Surname is pronounced Jay-co-way; born June 16, 1944, in Little Rock, AR; daughter of Bronson Cooper and Daisy Jacoway; married Timothy Fagan Watson (a lawyer), September 7, 1978; children: Timothy Fagan, Jr, Todd Cooper. Education: Attended Randolph-Macon Woman's College, 1962-64; University of Arkansas, B.A, 1966; University of North Carolina, M.A, 1968, Ph.D, 1974. Politics: Democrat. Religion: Episcopalian.

ADDRESSES:

Home—Newport, AR. E-mail—[email protected].

CAREER:

Historian, educator, writer, and editor. University of Florida, Gainesville, assistant professor of behavioral studies, 1972-75; University of Arkansas, Little Rock, assistant professor, 1975-78, associate professor of American history, 1978—. Also taught at Lyon College, Batesville, AR. Has served on the Executive Council of the Southern Historical Association, the Board of Editors of the Journal of Southern History, and the Boards of Directors of the Arkansas Historical Association, the Southern Association for Women Historians, and the Arkansas Women's History Institute; has also served on planning committees for the Little Rock Central High School Museum Visitor's Center and the Penn School Museum.

MEMBER:

Organization of American Historians, Oral History Association, Southern Historical Association, Southern Association of Women Historians (past president), Arkansas Women's History Institute (founder and past president).

AWARDS, HONORS:

National Endowment for the Humanities, grant, 1975, fellowship, 1976; grant from American Philosophical Society, 1977.

WRITINGS:

Yankee Missionaries in the South: The Penn School Experiment, Louisiana State University Press (Baton Rouge, LA), 1979.

(Editor with David Richard Colburn) Southern Businessmen and Desegregation, Louisiana State University Press (Baton Rouge, LA), 1982.

(Editor) Behold, Our Works Were Good: A Handbook of Arkansas Women's History, Arkansas Women's History Institute (Little Rock, AR), 1988.

(Editor with others) The Adaptable South: Essays in Honor of George Brown Tindall, Louisiana State University Press (Baton Rouge, LA), 1991.

(Editor with C. Fred Williams) Understanding the Little Rock Crisis: An Exercise in Remembrance and Reconciliation, University of Arkansas Press (Fayetteville, AR), 1999.

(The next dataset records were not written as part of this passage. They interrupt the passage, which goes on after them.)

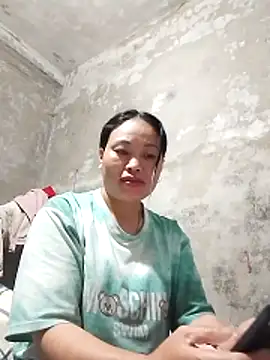 Snapshot of Maikha08 chatting on 12, 5, 2026 Maikha08 online show from 12, 5, 2026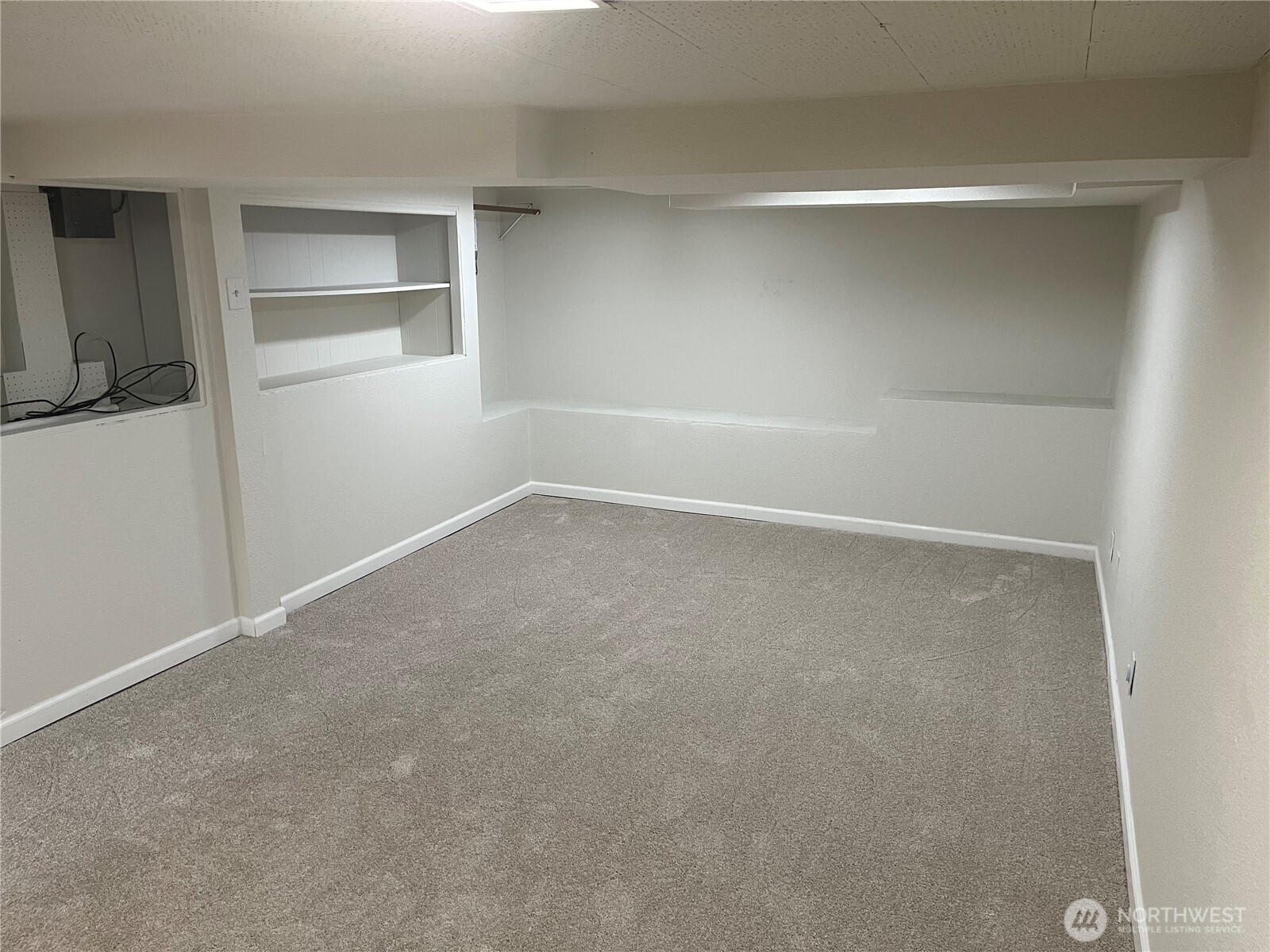 2309 Northeast 9th Place Renton, WA 98056 - Photo 16 of 38 a view of an empty room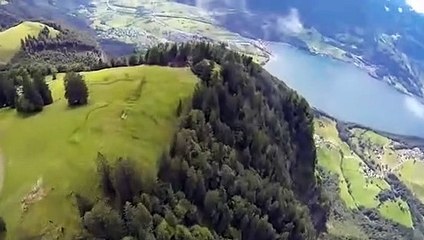 Muhteşem İsviçre manzarasıyla 'Wingsuit' uçuşu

Turn Away Thy Son: Little Rock, the Crisis That Shocked the Nation, Free Press (Northampton, MA), 2007.

Contributor to books, including Notable American Women, The Encyclopedia of Southern Culture, and The Encyclopedia of South Carolina; contributor to history and urban studies journals, including Journal of Southern History, Arkansas Historical Quarterly, Alabama Review, and Reviews in American History.

SIDELIGHTS:

Historian Elizabeth Jacoway grew up in Little Rock, Arkansas, during the Little Rock desegregation crisis in the late 1950s and has gone on to research that crisis over a thirty-year period. As a result, she has written several books focusing on these events. In her 2007 book, Turn Away Thy Son: Little Rock, the Crisis That Shocked the Nation, Jacoway presents an account of the integration of nine black students into Central High School in Little Rock in 1957. Using extensive interviews with witnesses, politicians, and students who were attending the high school at the time, the author explores the issue of integration in the 1950s. In addition, she focuses on the white leadership in Arkansas and Little Rock, including the militant governor Orval Faubus. She also writes about the black student Elizabeth Eckford, who experienced the rage and death threats of whites as the first black student to enter Little Rock's Central High School. Juan Williams, writing in the Washington Post, noted that the author "argues that the fear of black men having sex with white women was the hidden yet powerful dread that inspired much of the opposition to enrolling nine black students at Central." Williams went on to write in his review: "Jacoway's version of events is a deliberate—and convincing—counter to the way the story was told by Arkansas's top journalist of the time."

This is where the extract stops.